After making top quality films like The Devil Wears Prada (2006) and Marley and Me (2008), director David Krankel really dropped the ball on his newest release Collateral Beauty (2016).
Maybe that is unfair to say, the overall look of the film displays New York City at it’s most enchanting and twinkly, but it just doesn’t fit within the concept of a bereavement film. Don’t get me wrong it’s a cute enough film, but it would suit more to an afternoon slot on Channel 5 than the big screen. The biggest problem here is with the script. Krankel has done his best to create the atmosphere and the beautiful high-angle shots of New York are incredible, if only the script was too.

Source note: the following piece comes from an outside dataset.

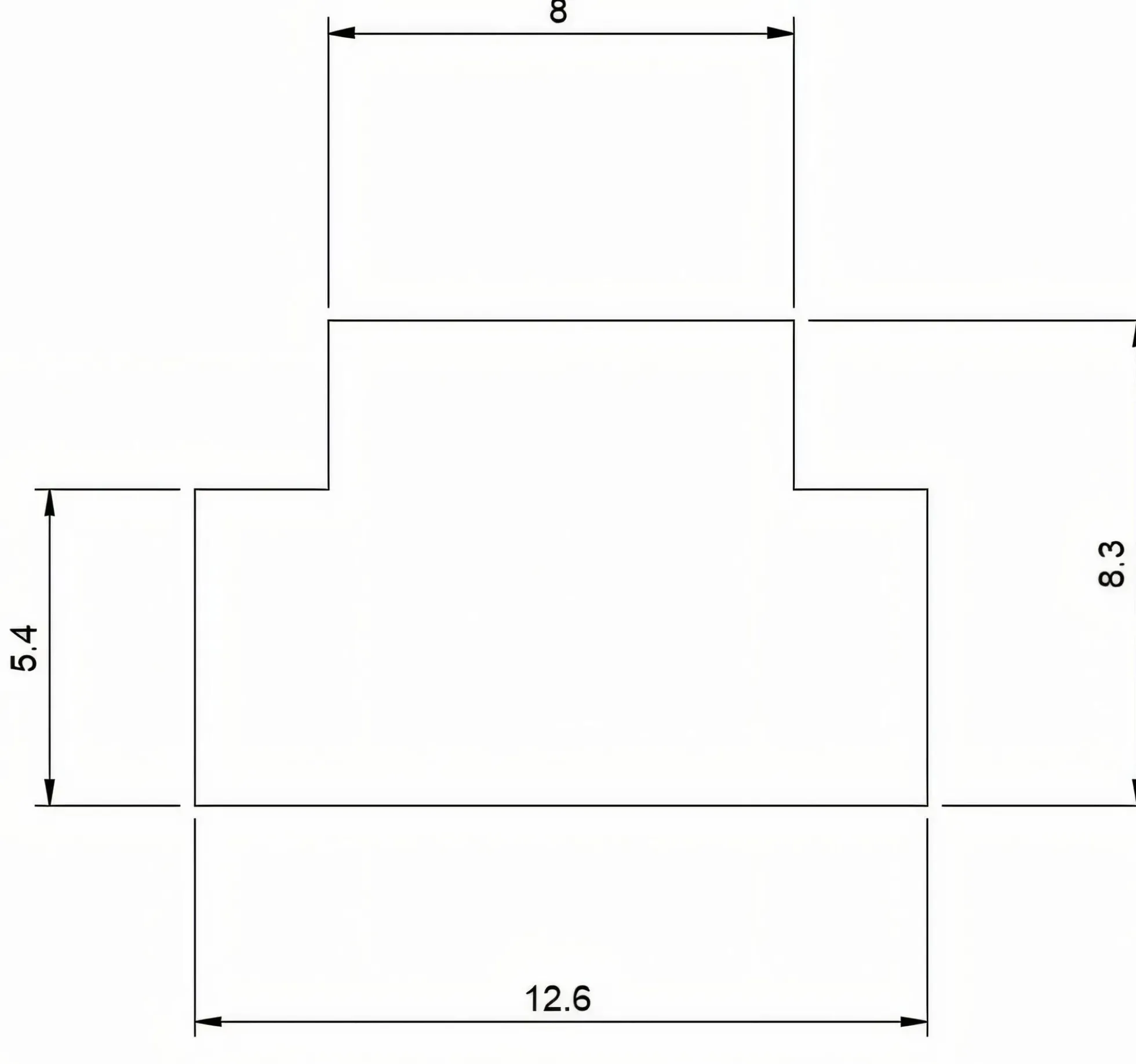 sauter Winkelanschlag mit Anschlagschiene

The performances from Will Smith, Helen Mirren and the rest of the cast are all good, however there is always something missing after each one of Will Smith’s ‘passionate’ speeches to ‘death’, ‘love’ and ‘time’. The film just doesn’t take advantage of his usual trademark charm and as much as he tries, he is unable to reach the kind of sentimental response he managed to achieve in The Pursuit of Happiness (2006). Krankel really tries hard to reach those deep emotional spots, but each time falls short at the last hurdle and even the hugely successful cast can’t save it.
The film is at it’s most enjoyable, when introducing the three actors, Kate Winslet, Edward Norton and Michael Peña hired to become ‘death’, ‘love’ and ‘time’ in order to antagonise some sort of grieving response from Howard (Will Smith). However the best and most believable performance comes from, Naomie Harris, a bereavement councilor that Howard goes to see. She is the only character not willing to indulge in Howard’s deep self-pity and instead encourages him to move on and come to terms with death of his daughter, these are the only realistic scenes in the film, but even they are ruined with the absolutely ridiculous, unnecessary twist provided at the end of the film.
Released in the same month as Manchester By The Sea (2016) and A Monster Calls (2016), Collateral Beauty just can’t compete and in comparison supplies a poor depiction of grief to those who have not experienced it.